Description of the task: Using the data below, set down every line from the one containing "A black Foxhound" through the one containing "Arenal Volcano lava flowing at night", inclusive and unchanged. Pictures are to be skipped.

Material shown:
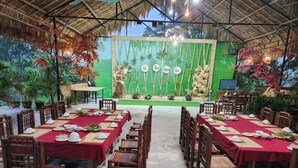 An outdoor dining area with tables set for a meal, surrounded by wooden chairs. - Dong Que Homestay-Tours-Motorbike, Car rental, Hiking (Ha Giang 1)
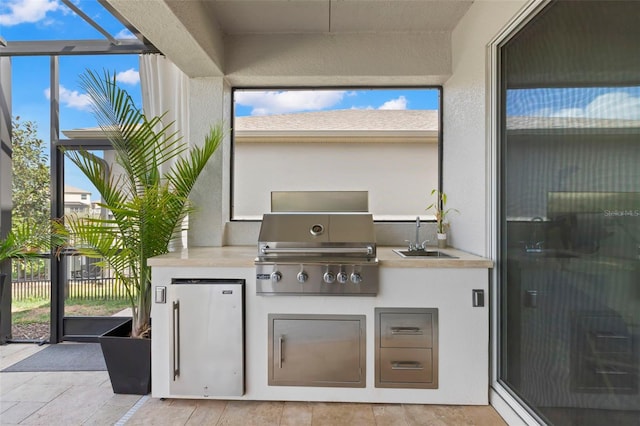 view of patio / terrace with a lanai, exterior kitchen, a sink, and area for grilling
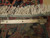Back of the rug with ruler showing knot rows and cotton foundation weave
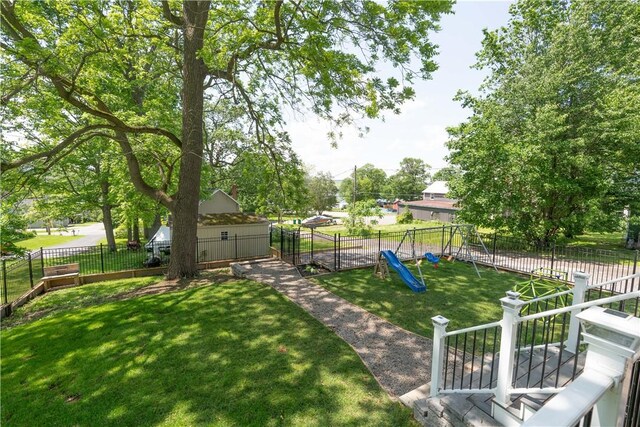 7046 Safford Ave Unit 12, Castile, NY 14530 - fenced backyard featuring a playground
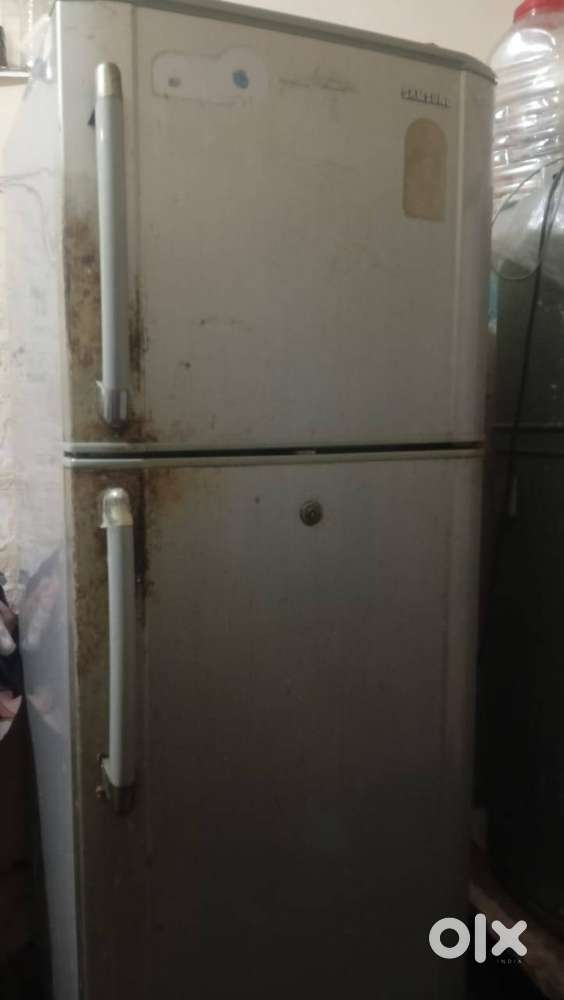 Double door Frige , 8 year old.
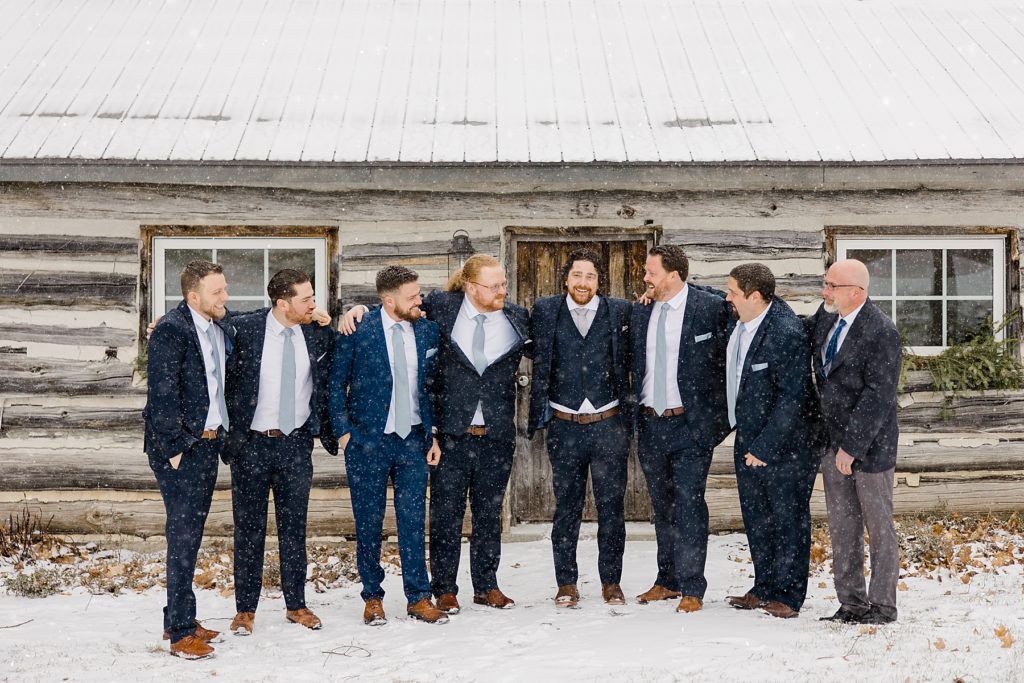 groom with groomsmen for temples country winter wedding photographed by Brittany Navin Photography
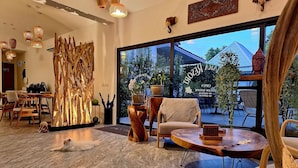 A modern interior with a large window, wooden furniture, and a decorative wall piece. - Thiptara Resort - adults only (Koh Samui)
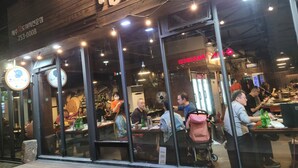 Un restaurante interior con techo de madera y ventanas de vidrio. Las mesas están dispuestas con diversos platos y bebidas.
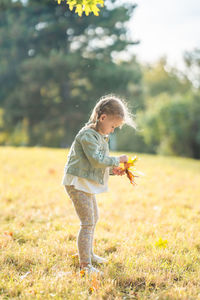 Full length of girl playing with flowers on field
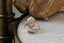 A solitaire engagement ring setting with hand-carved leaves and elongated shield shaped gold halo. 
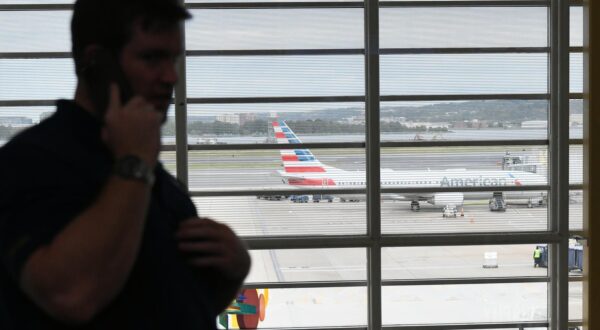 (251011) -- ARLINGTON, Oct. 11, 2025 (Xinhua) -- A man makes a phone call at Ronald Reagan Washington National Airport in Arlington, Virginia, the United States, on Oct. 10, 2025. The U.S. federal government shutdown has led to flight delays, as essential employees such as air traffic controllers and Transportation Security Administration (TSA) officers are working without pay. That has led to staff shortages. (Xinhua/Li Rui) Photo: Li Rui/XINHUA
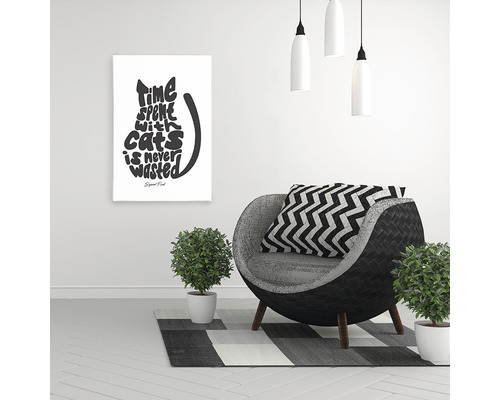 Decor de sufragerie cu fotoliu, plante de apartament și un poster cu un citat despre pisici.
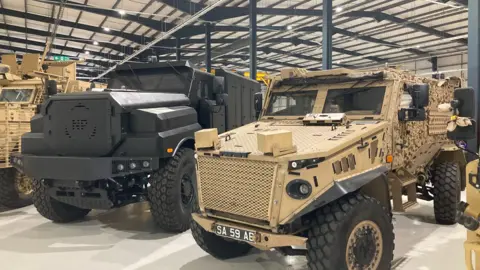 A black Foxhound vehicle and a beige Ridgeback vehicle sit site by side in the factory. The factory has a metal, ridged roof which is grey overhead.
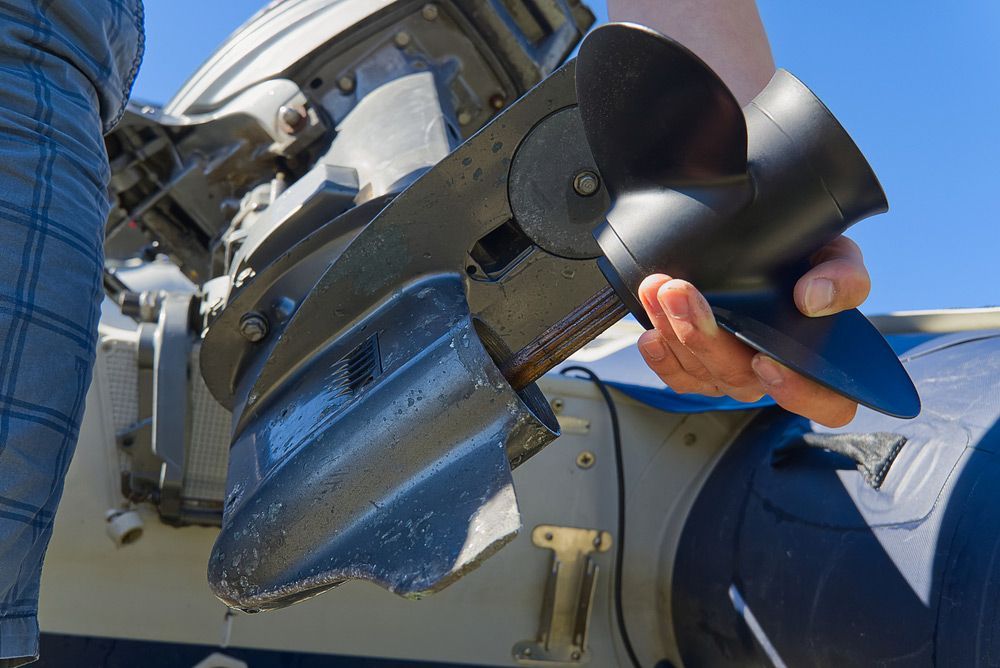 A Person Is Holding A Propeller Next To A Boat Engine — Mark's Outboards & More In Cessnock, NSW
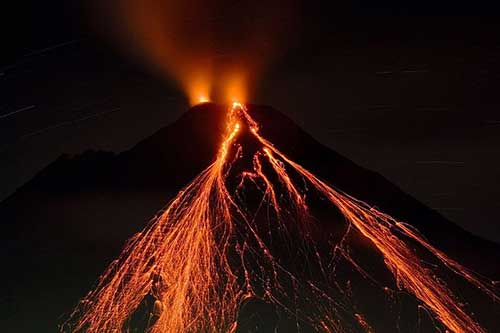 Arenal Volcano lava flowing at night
--
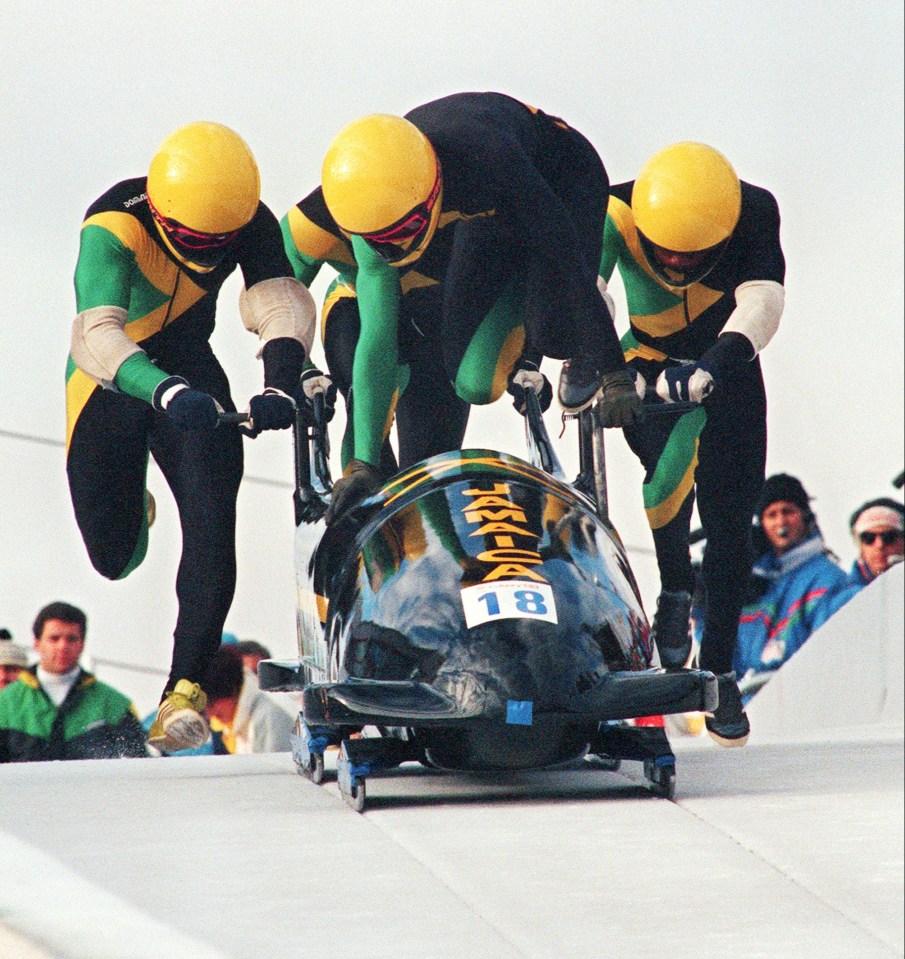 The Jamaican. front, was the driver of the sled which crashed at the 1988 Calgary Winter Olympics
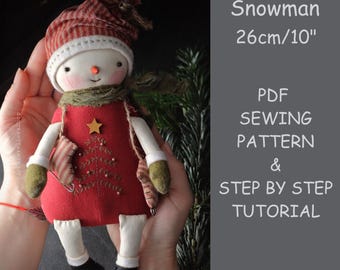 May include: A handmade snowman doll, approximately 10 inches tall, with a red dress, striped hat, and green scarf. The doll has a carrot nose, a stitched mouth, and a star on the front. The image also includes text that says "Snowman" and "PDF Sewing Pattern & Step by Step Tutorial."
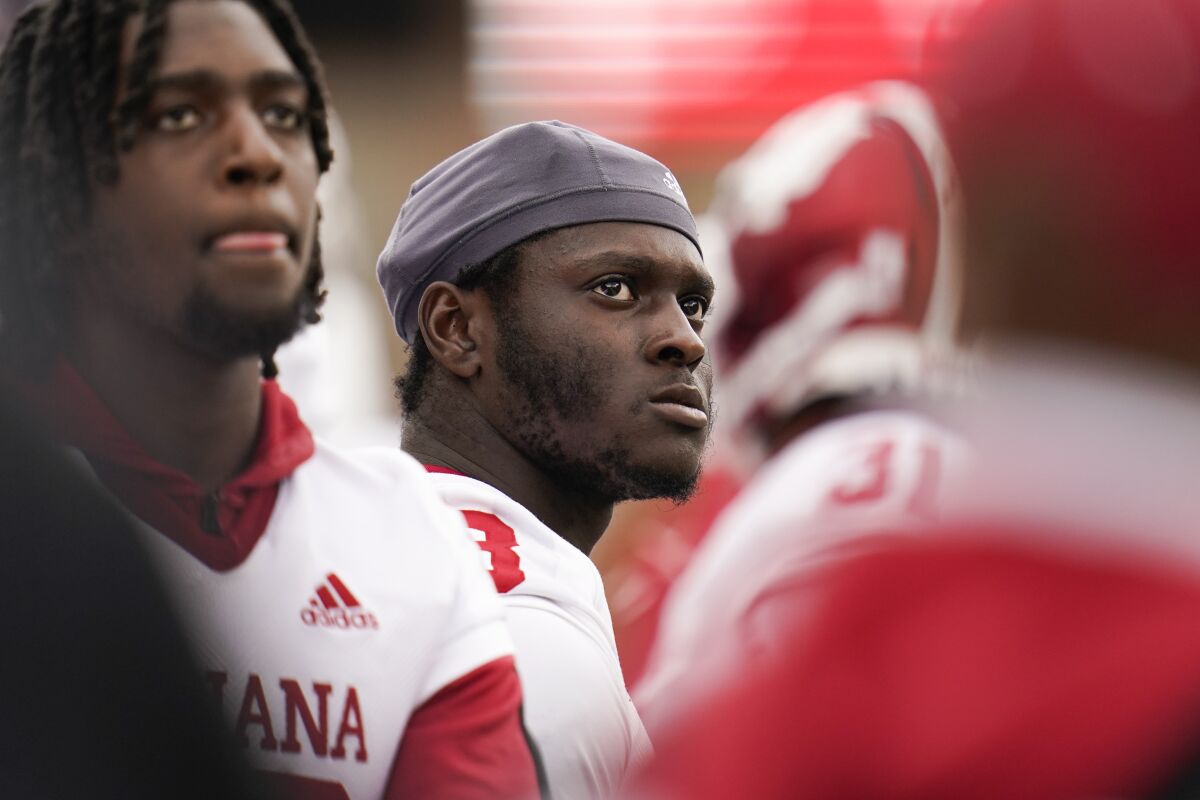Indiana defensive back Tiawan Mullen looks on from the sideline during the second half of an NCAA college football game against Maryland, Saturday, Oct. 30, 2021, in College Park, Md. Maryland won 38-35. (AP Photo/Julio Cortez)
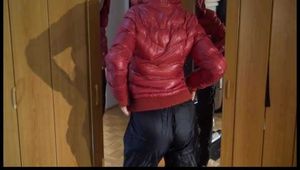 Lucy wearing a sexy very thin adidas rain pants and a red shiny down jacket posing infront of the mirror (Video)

Result of the task:
 A black Foxhound vehicle and a beige Ridgeback vehicle sit site by side in the factory. The factory has a metal, ridged roof which is grey overhead.
 A Person Is Holding A Propeller Next To A Boat Engine — Mark's Outboards & More In Cessnock, NSW
 Arenal Volcano lava flowing at night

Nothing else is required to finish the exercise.